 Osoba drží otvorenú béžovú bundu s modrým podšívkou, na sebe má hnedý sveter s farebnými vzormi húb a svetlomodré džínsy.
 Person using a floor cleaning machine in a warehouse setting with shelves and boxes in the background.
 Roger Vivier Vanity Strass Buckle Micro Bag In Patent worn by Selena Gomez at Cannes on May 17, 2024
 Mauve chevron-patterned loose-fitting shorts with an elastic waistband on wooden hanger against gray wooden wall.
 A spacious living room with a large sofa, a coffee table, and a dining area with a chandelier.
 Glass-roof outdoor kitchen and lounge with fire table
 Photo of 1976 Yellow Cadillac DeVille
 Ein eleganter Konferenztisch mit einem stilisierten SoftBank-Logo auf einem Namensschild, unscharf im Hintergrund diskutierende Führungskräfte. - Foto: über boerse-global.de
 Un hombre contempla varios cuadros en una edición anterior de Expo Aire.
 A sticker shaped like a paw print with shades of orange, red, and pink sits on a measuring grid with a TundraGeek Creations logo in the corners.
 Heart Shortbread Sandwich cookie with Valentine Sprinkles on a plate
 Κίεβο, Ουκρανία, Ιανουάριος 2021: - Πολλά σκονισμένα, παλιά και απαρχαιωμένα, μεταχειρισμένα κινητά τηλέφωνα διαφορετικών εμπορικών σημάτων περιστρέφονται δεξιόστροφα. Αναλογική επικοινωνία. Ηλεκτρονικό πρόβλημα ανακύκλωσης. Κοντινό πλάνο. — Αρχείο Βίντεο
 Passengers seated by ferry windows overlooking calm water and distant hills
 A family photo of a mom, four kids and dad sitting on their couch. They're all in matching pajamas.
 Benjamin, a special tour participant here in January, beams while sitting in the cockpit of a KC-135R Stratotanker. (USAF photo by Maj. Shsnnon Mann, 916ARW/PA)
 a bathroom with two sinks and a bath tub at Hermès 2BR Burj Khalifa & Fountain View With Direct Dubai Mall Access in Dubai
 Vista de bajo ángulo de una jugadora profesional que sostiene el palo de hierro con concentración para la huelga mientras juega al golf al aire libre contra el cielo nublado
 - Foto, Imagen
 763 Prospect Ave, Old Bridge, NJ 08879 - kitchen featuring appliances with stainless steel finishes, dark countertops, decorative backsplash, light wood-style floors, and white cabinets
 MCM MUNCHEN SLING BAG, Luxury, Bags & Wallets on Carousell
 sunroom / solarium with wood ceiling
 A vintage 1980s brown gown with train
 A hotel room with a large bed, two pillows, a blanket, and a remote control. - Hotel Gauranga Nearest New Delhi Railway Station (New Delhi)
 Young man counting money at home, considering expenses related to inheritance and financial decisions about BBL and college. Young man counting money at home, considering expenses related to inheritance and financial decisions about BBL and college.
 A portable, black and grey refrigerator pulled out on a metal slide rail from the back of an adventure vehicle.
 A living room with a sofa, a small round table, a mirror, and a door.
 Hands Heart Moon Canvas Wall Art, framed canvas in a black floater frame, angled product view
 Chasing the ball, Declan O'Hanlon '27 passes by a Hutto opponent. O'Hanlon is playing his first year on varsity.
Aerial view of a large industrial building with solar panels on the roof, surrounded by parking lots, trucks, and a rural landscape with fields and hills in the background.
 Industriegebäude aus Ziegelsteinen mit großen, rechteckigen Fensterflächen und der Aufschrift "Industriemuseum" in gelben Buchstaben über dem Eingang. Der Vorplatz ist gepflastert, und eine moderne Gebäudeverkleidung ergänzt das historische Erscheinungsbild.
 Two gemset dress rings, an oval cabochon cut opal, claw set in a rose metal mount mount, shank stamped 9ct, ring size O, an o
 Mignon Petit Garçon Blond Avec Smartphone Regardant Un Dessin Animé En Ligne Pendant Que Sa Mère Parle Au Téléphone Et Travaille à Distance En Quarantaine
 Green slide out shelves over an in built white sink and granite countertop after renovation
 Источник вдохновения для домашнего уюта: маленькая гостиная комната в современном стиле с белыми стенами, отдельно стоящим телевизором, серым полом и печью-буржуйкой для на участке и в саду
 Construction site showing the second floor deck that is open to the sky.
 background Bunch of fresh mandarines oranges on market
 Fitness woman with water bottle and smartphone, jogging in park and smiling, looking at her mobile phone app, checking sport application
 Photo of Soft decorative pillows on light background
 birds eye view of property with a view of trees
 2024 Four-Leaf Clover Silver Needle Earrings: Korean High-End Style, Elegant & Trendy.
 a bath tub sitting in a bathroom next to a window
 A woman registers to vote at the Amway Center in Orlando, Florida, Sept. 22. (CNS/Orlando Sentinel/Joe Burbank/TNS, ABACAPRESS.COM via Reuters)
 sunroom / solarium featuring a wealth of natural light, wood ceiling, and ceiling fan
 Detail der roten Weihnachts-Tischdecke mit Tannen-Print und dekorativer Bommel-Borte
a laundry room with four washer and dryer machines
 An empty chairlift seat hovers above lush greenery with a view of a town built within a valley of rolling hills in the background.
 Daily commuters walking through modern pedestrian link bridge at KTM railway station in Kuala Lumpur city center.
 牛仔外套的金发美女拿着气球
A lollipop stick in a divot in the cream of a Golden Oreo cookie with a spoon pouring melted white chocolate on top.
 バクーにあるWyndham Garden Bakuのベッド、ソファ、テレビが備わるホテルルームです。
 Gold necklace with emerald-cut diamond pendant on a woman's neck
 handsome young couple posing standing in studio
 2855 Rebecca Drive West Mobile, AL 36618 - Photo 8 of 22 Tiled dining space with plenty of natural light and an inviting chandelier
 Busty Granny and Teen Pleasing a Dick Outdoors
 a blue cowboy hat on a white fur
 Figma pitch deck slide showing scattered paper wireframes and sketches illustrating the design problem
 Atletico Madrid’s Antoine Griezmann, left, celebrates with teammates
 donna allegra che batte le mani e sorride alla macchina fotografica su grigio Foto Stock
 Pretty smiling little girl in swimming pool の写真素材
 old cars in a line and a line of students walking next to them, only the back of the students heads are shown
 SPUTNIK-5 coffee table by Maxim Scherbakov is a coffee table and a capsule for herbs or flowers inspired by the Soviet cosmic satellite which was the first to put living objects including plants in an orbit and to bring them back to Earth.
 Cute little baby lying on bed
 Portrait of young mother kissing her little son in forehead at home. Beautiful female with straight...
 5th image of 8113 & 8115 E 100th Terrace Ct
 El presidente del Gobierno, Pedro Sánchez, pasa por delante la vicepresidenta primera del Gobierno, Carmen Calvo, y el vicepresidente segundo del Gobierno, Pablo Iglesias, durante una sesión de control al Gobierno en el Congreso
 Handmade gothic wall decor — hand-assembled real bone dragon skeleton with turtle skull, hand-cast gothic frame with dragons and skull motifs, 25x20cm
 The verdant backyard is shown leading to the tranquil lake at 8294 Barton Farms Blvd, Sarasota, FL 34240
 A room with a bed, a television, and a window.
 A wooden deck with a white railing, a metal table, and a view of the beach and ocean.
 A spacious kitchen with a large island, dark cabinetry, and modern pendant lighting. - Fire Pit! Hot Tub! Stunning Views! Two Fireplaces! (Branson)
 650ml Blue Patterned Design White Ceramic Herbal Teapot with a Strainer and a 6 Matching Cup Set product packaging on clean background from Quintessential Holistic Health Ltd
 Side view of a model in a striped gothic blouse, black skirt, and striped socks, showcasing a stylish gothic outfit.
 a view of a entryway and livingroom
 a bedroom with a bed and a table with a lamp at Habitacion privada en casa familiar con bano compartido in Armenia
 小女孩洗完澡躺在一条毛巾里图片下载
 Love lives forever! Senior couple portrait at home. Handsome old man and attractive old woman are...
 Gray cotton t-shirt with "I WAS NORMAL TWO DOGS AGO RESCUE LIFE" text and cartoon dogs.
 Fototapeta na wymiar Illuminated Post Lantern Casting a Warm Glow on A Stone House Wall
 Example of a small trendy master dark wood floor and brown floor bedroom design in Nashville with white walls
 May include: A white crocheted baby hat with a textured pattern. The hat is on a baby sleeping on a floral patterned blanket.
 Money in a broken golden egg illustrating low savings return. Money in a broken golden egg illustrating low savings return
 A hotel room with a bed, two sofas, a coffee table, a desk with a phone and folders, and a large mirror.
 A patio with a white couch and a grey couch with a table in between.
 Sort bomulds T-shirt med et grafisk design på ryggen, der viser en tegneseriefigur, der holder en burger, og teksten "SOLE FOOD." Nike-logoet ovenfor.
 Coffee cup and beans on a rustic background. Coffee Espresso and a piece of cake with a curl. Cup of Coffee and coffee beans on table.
:::
> **INSTRUCTIONS TO FOLLOW**:
All lines in the listing above from the line containing "Figma pitch deck" to the line containing "小女孩洗完澡躺在一条毛巾里图片下载", inclusive, should be retyped exactly; no other lines should appear.

> **THE ANSWER**:
 Figma pitch deck slide showing scattered paper wireframes and sketches illustrating the design problem
 Atletico Madrid’s Antoine Griezmann, left, celebrates with teammates
 donna allegra che batte le mani e sorride alla macchina fotografica su grigio Foto Stock
 Pretty smiling little girl in swimming pool の写真素材
 old cars in a line and a line of students walking next to them, only the back of the students heads are shown
 SPUTNIK-5 coffee table by Maxim Scherbakov is a coffee table and a capsule for herbs or flowers inspired by the Soviet cosmic satellite which was the first to put living objects including plants in an orbit and to bring them back to Earth.
 Cute little baby lying on bed
 Portrait of young mother kissing her little son in forehead at home. Beautiful female with straight...
 5th image of 8113 & 8115 E 100th Terrace Ct
 El presidente del Gobierno, Pedro Sánchez, pasa por delante la vicepresidenta primera del Gobierno, Carmen Calvo, y el vicepresidente segundo del Gobierno, Pablo Iglesias, durante una sesión de control al Gobierno en el Congreso
 Handmade gothic wall decor — hand-assembled real bone dragon skeleton with turtle skull, hand-cast gothic frame with dragons and skull motifs, 25x20cm
 The verdant backyard is shown leading to the tranquil lake at 8294 Barton Farms Blvd, Sarasota, FL 34240
 A room with a bed, a television, and a window.
 A wooden deck with a white railing, a metal table, and a view of the beach and ocean.
 A spacious kitchen with a large island, dark cabinetry, and modern pendant lighting. - Fire Pit! Hot Tub! Stunning Views! Two Fireplaces! (Branson)
 650ml Blue Patterned Design White Ceramic Herbal Teapot with a Strainer and a 6 Matching Cup Set product packaging on clean background from Quintessential Holistic Health Ltd
 Side view of a model in a striped gothic blouse, black skirt, and striped socks, showcasing a stylish gothic outfit.
 a view of a entryway and livingroom
 a bedroom with a bed and a table with a lamp at Habitacion privada en casa familiar con bano compartido in Armenia
 小女孩洗完澡躺在一条毛巾里图片下载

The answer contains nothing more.